### Assignment
Output the line that contains "Zamek szyfrowy EURA AC-30C7 czarny EURA" together with each line after it, through the final line of the listing below, word for word; omit pictures.

### Records for the task
******************************
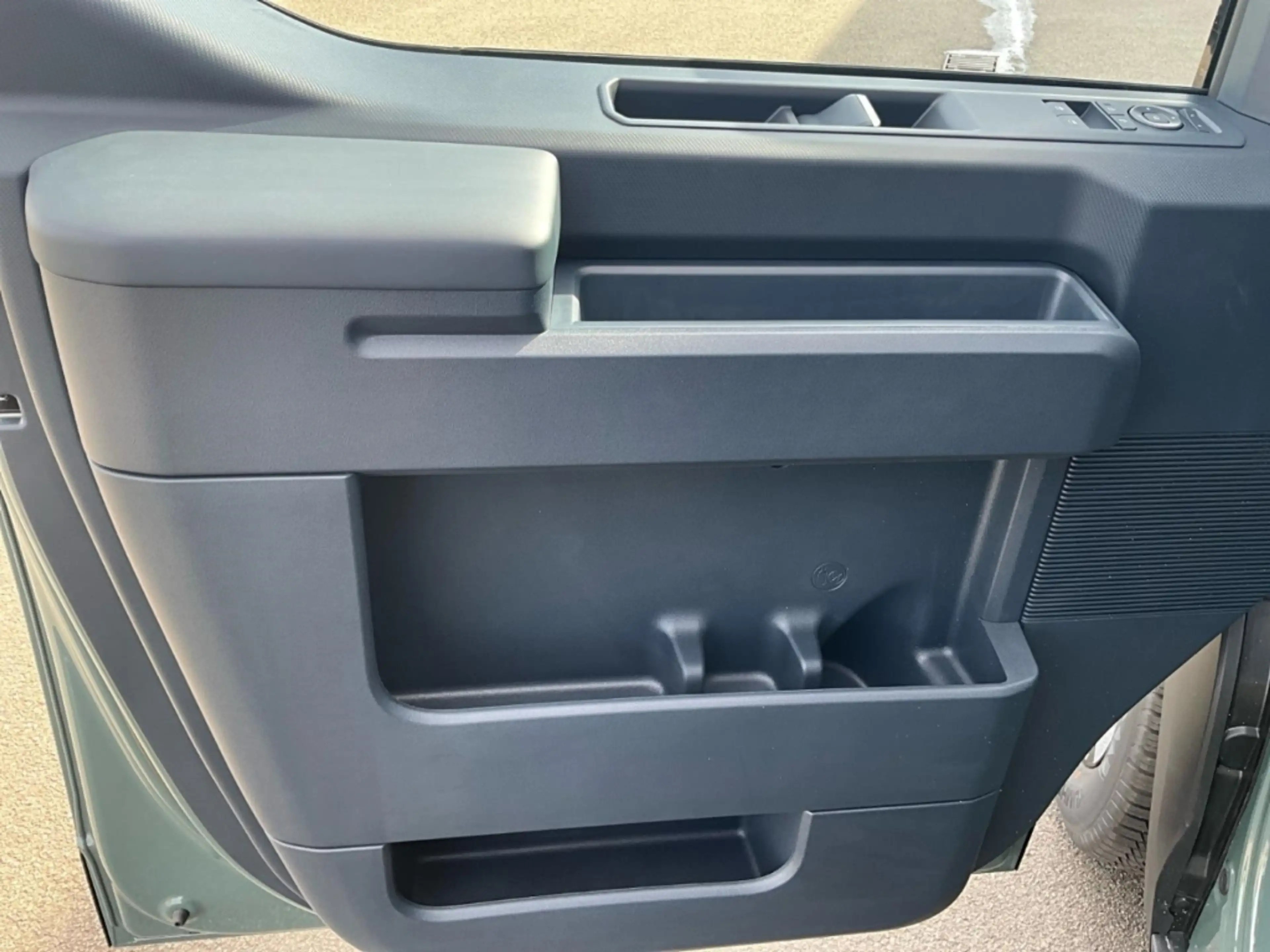Kia PV5 Passenger Passenger ELITE 71,2 kWh Power Smart Comfort WP Al — photo 12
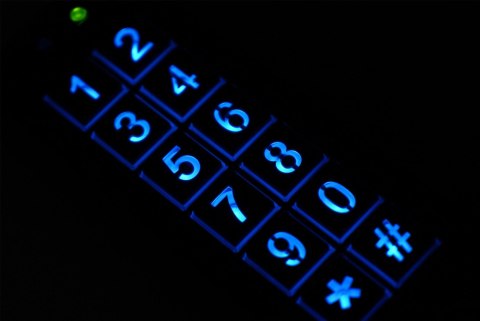 Zamek szyfrowy EURA AC-30C7 czarny EURA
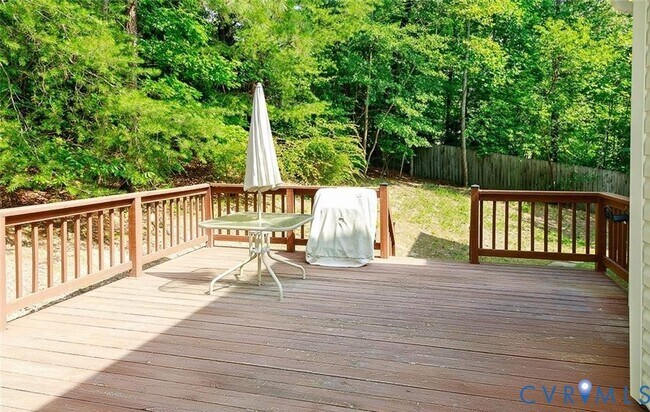 Building Photo - 3920 Pine Bluff Ct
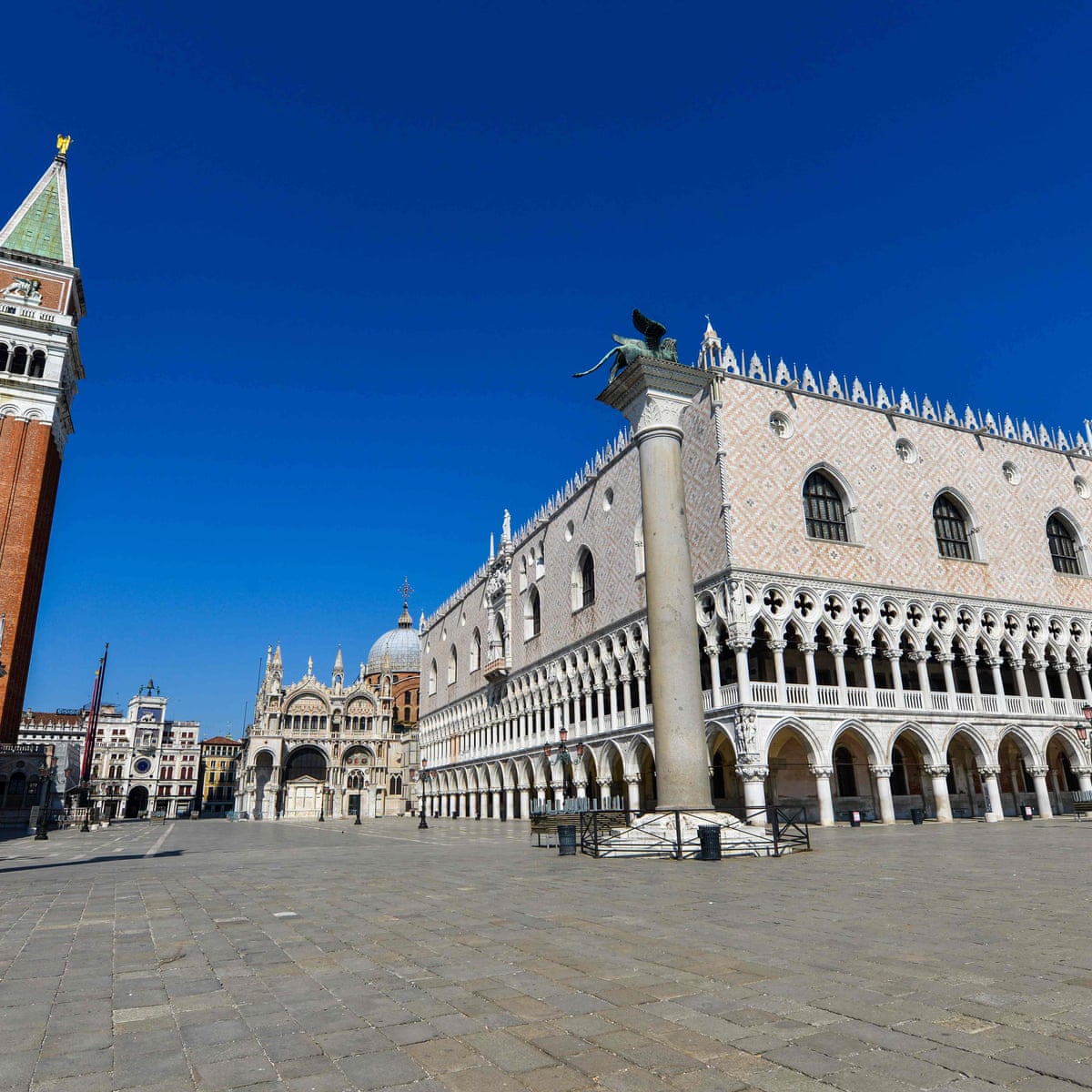 Italy Charges More Than 40 000 People With Violating Lockdown World News The Guardian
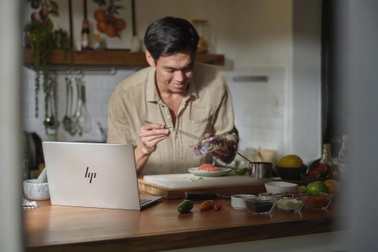 HP OmniBook 7 Aero Next Gen AI PC:  Laptop mỏng nhẹ và hiệu năng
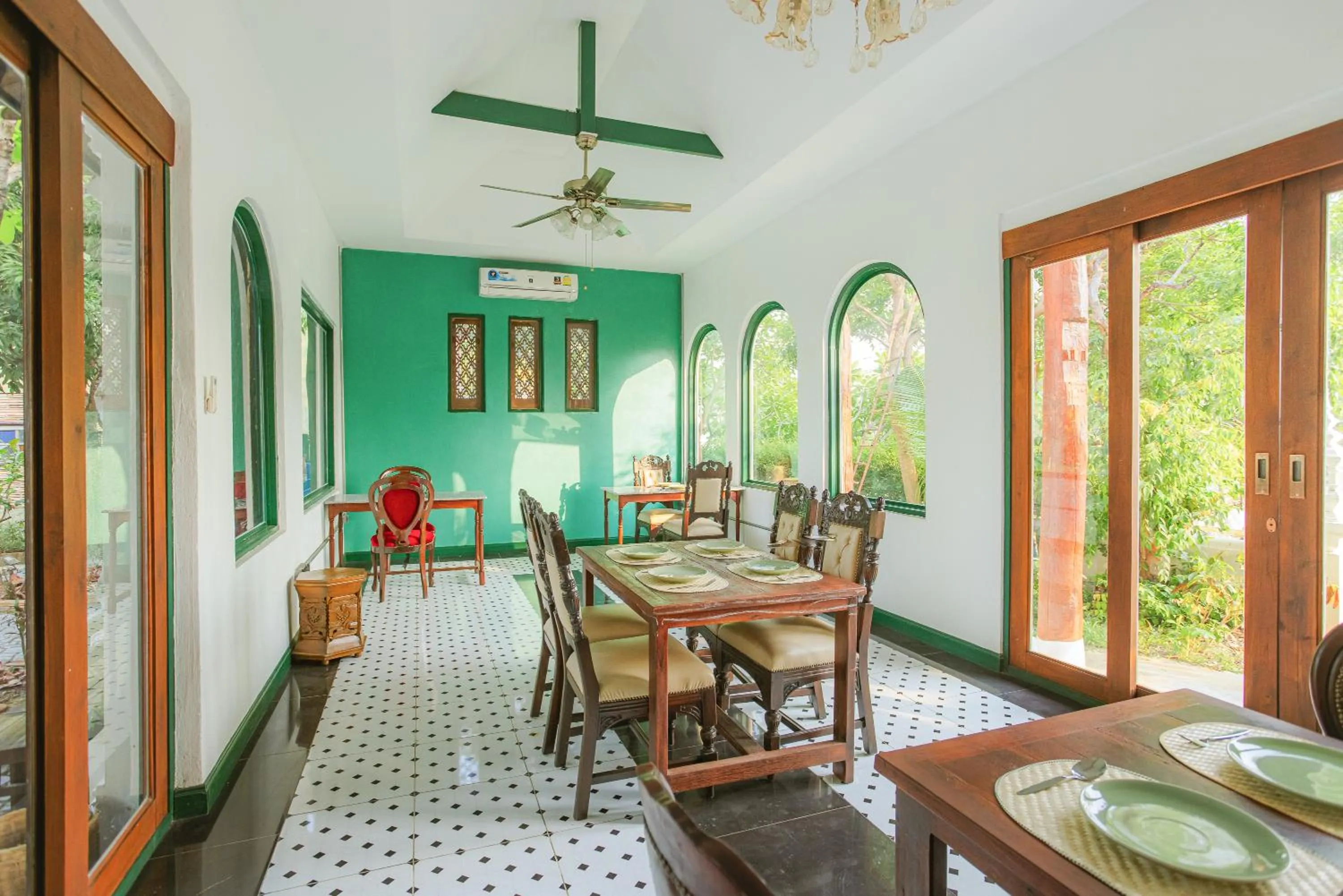 Restaurant/places to eat in Chiang Mai Las Orquideas Resort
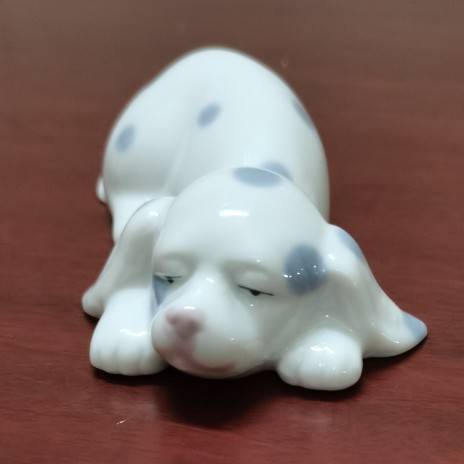 Exit original single -tail hand -painted ceramics lying on Mi Eye cute dog all -porcelain ornaments creative gift crafts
******************************
### Result for this task
 Zamek szyfrowy EURA AC-30C7 czarny EURA
 Building Photo - 3920 Pine Bluff Ct
 Italy Charges More Than 40 000 People With Violating Lockdown World News The Guardian
 HP OmniBook 7 Aero Next Gen AI PC:  Laptop mỏng nhẹ và hiệu năng
 Restaurant/places to eat in Chiang Mai Las Orquideas Resort
 Exit original single -tail hand -painted ceramics lying on Mi Eye cute dog all -porcelain ornaments creative gift crafts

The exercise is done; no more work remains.